Insieme a Tartufo, Il malato immaginario e Il borghese gentiluomo, L’avaro è una delle grandi commedie di Molière, una delle più note, celebrate, rivisitate a partire dal 9 settembre 1668, data del debutto al Théâtre du Palais-Royal a Parigi. Una commedia amara, costruita attraverso numerosissime fonti e contaminazioni, non solo sociali, ma anche letterarie. Meccanismo compiuto e spassoso, animato da alcuni tra i temi più tradizionali del teatro comico, L’avaro è terreno fertile per la rilettura di Ferrini, interprete e regista dello spettacolo.

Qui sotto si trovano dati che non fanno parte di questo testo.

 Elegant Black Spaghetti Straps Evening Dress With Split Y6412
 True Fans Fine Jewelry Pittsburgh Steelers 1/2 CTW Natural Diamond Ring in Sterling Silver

Dopo il successo di Cyrano de Bergerac, Ferrini affronta un altro testo fondamentale del teatro: «Io penso che se abbiamo perso la capacità di far ridere con le grandi commedie classiche, dotate di ingranaggi comici perfetti, capaci di sostenere una trama portante e svelare personaggi eternamente attuali, se non sappiamo più far divertire davvero il pubblico con questi personaggi straordinari, con il loro linguaggio, con le loro debolezze e passioni sfrenate, significa che qualche problemino lo abbiamo noi teatranti e non il pubblico. Ecco perché è appassionante la sfida di tornare a far ridere il pubblico con la complessità umana dei protagonisti di un testo come L'avaro. La caratteristica dei classici è proprio quella di attraversare le epoche della storia e rimanere integri anche dopo enormi cambiamenti sociali. Purtroppo non vedo nulla di antiquato in un uomo ossessionato dal possesso al punto da togliere ogni prospettiva di felicità alla sua stessa prole, da diventare addirittura usuraio ai danni di suo figlio. Arpagone è un vecchio che per egoismo condanna all'infelicità una generazione di giovani, mentre loro tentano in ogni modo di aggirare la sua prepotenza. Guardandomi intorno, osservando il mio paese, i suoi potenti e i suoi sudditi... vedo in tutto questo qualcosa di estremamente familiare».